“I love financial statements.”

And, so began Dennis Morrone’s AICPA Not-for-Profit Conference session earlier this week.

After a deft comedic pause for laughter and applause (who knew CPAs were so funny), Grant Thornton’s Morrone went on to say, “But, it’s clear to me after many conversations with nonprofit stakeholders that they fall short of the users’ expectations.”

So, in his session with peer John Mattie from PwC titled, “How to Tell My Organization’s Story Through the Financial Statements,” the two discussed the importance of expanding disclosure to be more informative and better aligned with your organization’s strategic goals.

Here are some highlights:

Why is transparency important?

  • Proactive transparency and communication are essential to organizational success. Stakeholder understanding and support only come from transparency and open communications.
  • A practice of continuous, transparent communication enables an organization to better respond to crises – such as physical disaster, fraud, or the sudden loss of a leader – and execute more robust crises communication strategies.
  • Establishing a culture of transparency is critical for effective governance, constituent engagement, and change management.
  • Opening communications channels can help to establish meaningful and productive relationships with constituents. These relationships can have a significant impact on long-term financial and non-financial performance.

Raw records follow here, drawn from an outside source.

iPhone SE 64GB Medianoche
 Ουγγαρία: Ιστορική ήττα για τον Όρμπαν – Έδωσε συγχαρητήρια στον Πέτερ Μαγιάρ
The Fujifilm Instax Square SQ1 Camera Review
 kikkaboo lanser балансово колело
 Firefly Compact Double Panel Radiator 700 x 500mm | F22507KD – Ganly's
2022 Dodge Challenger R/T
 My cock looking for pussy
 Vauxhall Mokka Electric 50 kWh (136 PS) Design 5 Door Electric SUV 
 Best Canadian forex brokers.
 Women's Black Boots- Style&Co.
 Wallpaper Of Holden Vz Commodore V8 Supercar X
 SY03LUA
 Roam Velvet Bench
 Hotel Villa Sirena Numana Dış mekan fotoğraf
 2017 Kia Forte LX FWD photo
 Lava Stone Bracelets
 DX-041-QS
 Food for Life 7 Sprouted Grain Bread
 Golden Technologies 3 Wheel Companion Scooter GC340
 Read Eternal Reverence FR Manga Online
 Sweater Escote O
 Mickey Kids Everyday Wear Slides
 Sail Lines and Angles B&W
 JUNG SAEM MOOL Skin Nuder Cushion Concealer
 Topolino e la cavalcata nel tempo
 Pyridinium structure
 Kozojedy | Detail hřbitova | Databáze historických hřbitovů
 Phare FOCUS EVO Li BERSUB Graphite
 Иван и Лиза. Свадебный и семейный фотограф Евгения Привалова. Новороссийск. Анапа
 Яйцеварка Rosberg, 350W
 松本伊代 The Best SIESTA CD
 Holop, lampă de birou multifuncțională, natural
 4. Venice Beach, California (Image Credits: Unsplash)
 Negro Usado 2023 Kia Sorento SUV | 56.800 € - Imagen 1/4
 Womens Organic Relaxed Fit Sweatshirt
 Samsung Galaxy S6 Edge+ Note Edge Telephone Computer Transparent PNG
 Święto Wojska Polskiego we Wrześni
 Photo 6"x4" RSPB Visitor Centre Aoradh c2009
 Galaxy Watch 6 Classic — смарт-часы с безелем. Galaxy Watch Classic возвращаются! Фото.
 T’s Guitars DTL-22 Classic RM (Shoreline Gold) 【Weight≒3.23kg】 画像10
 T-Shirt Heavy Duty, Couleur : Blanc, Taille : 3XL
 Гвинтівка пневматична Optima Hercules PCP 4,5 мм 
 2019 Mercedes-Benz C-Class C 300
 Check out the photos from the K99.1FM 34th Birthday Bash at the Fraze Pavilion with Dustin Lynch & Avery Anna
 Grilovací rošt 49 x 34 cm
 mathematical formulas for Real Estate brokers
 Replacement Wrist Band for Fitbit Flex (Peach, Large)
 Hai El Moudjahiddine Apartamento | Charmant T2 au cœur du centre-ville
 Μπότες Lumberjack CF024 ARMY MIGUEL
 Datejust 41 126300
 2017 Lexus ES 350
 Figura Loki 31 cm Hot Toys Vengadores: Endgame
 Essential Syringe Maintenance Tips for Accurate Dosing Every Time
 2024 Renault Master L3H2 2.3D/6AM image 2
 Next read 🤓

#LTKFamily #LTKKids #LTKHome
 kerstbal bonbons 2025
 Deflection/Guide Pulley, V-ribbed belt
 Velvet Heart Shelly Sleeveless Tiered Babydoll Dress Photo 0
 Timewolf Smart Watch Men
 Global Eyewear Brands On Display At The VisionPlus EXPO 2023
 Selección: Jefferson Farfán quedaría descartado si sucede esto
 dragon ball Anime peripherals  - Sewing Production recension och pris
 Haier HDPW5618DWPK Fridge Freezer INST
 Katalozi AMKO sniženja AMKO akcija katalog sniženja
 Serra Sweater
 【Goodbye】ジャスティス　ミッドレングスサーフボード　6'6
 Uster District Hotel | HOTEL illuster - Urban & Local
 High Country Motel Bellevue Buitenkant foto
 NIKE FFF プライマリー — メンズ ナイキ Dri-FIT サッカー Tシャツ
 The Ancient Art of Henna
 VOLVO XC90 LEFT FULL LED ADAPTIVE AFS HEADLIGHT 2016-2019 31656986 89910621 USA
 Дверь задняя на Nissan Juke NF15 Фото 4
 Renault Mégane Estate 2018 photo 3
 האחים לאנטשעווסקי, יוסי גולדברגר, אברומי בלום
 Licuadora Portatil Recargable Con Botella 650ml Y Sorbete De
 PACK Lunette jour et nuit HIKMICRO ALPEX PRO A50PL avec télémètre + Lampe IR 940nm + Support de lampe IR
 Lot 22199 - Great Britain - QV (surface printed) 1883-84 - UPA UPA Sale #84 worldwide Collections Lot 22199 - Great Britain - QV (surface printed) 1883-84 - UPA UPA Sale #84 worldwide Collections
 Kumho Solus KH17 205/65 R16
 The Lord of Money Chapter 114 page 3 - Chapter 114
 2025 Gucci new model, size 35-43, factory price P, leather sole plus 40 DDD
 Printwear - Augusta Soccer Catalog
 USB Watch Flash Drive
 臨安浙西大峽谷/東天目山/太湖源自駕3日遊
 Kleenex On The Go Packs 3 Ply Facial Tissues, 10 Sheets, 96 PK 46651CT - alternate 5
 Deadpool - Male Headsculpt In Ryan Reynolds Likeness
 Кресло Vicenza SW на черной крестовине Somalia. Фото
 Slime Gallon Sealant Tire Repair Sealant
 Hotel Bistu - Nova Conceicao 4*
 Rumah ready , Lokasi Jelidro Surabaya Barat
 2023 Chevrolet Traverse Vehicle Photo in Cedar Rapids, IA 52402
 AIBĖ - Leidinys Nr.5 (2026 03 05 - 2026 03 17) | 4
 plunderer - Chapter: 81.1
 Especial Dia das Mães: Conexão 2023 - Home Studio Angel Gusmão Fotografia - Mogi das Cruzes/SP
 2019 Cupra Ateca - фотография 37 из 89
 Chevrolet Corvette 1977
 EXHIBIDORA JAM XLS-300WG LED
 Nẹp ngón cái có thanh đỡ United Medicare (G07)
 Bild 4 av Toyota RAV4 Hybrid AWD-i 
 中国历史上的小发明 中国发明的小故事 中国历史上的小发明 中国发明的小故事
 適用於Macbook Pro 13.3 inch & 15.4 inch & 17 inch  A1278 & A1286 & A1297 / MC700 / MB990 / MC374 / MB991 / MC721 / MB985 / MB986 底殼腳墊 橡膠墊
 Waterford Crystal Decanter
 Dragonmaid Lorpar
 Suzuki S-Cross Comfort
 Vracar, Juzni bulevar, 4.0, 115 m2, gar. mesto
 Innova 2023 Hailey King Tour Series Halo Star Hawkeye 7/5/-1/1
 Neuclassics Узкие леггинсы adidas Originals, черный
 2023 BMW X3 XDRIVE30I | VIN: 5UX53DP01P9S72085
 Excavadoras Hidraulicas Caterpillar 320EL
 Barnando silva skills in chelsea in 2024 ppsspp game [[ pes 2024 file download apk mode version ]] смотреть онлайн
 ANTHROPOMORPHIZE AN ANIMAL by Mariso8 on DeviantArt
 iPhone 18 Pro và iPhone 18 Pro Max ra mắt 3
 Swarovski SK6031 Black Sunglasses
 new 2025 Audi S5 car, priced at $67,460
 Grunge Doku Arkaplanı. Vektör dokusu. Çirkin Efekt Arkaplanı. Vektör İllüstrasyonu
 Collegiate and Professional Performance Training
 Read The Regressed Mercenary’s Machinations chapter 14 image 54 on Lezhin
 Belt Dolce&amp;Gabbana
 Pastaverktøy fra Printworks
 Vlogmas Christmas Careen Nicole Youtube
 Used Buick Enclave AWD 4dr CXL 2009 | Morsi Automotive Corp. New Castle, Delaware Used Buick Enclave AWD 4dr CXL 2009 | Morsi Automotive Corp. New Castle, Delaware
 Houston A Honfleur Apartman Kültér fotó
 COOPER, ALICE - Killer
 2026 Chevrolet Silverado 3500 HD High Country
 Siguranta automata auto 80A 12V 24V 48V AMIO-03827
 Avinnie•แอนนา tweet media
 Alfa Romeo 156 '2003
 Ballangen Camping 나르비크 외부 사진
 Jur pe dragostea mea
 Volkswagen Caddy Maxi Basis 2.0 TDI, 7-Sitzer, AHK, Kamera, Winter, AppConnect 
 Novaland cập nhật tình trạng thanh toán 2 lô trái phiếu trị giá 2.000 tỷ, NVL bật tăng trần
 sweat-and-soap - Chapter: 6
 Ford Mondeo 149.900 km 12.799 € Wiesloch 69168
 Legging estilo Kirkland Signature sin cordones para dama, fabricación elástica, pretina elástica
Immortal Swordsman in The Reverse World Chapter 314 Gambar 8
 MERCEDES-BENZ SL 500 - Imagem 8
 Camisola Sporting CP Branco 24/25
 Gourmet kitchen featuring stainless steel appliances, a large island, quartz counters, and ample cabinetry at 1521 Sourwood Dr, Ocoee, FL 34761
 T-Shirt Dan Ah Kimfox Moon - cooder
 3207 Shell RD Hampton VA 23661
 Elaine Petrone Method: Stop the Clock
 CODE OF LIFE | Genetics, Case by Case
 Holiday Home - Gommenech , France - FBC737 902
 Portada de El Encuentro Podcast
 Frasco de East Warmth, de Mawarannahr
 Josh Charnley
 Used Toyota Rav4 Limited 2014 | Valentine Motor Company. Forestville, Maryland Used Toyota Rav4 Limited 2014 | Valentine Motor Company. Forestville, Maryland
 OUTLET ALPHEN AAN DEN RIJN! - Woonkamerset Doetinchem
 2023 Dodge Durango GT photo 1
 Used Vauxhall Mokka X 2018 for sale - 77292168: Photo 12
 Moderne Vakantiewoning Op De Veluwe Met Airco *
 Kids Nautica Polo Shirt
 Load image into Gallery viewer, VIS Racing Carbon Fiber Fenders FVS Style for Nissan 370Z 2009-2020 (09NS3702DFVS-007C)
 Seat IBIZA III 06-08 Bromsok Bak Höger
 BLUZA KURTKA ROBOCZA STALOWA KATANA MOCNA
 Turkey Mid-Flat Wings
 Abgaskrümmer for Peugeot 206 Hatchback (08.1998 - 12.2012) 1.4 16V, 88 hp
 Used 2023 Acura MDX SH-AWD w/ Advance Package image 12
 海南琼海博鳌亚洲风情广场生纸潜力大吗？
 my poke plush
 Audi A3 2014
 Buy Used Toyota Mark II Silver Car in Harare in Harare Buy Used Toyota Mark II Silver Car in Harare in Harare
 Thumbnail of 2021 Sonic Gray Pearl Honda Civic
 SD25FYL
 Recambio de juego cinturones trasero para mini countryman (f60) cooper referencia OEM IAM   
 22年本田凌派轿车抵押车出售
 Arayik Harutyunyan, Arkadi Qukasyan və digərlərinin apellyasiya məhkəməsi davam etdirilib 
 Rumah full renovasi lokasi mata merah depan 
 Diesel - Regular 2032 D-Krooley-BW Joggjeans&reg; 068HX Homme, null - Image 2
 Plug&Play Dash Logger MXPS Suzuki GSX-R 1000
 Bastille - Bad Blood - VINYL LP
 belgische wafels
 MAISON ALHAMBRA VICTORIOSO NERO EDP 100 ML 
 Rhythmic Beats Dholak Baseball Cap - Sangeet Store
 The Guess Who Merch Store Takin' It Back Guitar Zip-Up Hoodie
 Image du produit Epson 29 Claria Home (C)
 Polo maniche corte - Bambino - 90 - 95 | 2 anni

First, know your stakeholders

Know both internal stakeholders (board, committees, senior management, management team, staff, volunteer workers) and external (customers, donors, funders, grantors, creditors, partners, government, general public). And, understand their needs and expectations. Needs for information, communication methods, and information consumption patterns vary substantially from segment to segment. Meeting and exceeding the information needs for each of these groups is critical to delivering satisfaction. 

If that’s too overwhelming, start by identifying your top two to three stakeholders. What do they need/want? Go from there.

How do we convey the broader, strategic message with financial statements?

Make the data you have today more understandable and relatable; enhance the story and improve disclosure. When we think about financial statements we think revenue inputs and expense outputs. We need to be thinking more about outcomes.